─── Source material

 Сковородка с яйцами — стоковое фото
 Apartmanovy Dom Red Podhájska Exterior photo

──────
─── Source material

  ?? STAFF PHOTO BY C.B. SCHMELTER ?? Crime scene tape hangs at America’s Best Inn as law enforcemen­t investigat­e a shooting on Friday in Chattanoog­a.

──────

• _Exercise aim_
Look back at the entries above and repeat, unchanged, every line from the line holding "Сковородка с яйцами — стоковое фото" through the line holding "Apartmanovy Dom Red Podhájska Exterior photo".

• _Exercise output_
 Сковородка с яйцами — стоковое фото
 Apartmanovy Dom Red Podhájska Exterior photo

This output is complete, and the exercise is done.